By: Dashiell Driscoll
The Headless Nanny
Those striped green socks. That pink skirt and purple sweater. This grown woman dressed like Pippy Longstocking is easily the creepiest thing about “Muppet Babies.” She was an early pioneer in the art of never showing a TV character’s face, a practice now referred to in the biz as “pulling a Wilson.” Yes, this was a choice to reinforce the low to the ground perspective of the Muppet Babies, but babies can see the heads of adults! I can only assume they didn’t show us her face because she was horribly disfigured. It adds up that a lady with a terrifying face would devote her life to babysitting tiny mutant creatures, keeping them protected from an outside world that would never accept them. Also, nobody looks at your face when you’re wearing purple shoes and green striped socks.

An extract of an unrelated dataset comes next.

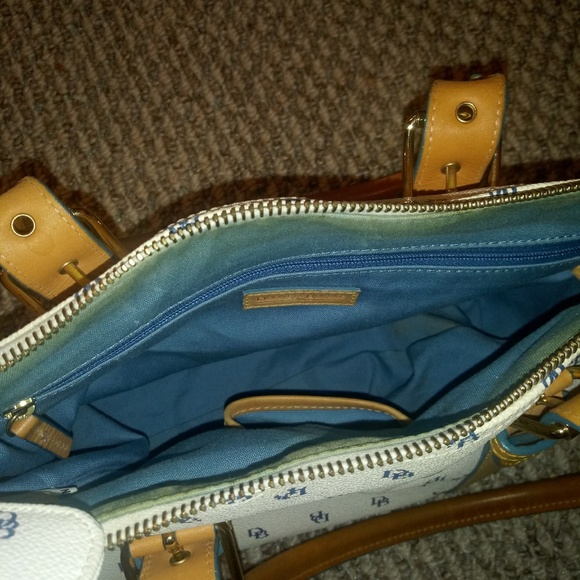 Purse - Picture 2 of 3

It’s A “Muppets Take Manhattan” Spinoff
“The Muppets Take Manhattan” had a dream sequence where Miss Piggy imagines what it would be like if she and Kermit grew up together. This sequence was so successful that two months later the Muppet Babies were born. How did studios gauge the success of something like that before message boards and twitter gave people the freedom to shout their opinions into a public abyss? I’m guessing two or three people came up to Jim Henson, told him they liked that part of the movie and then he made some big dog moves that would forever impact your childhood. Because that’s how Jim Henson handled shit. Real player for real, ask somebody. RIP.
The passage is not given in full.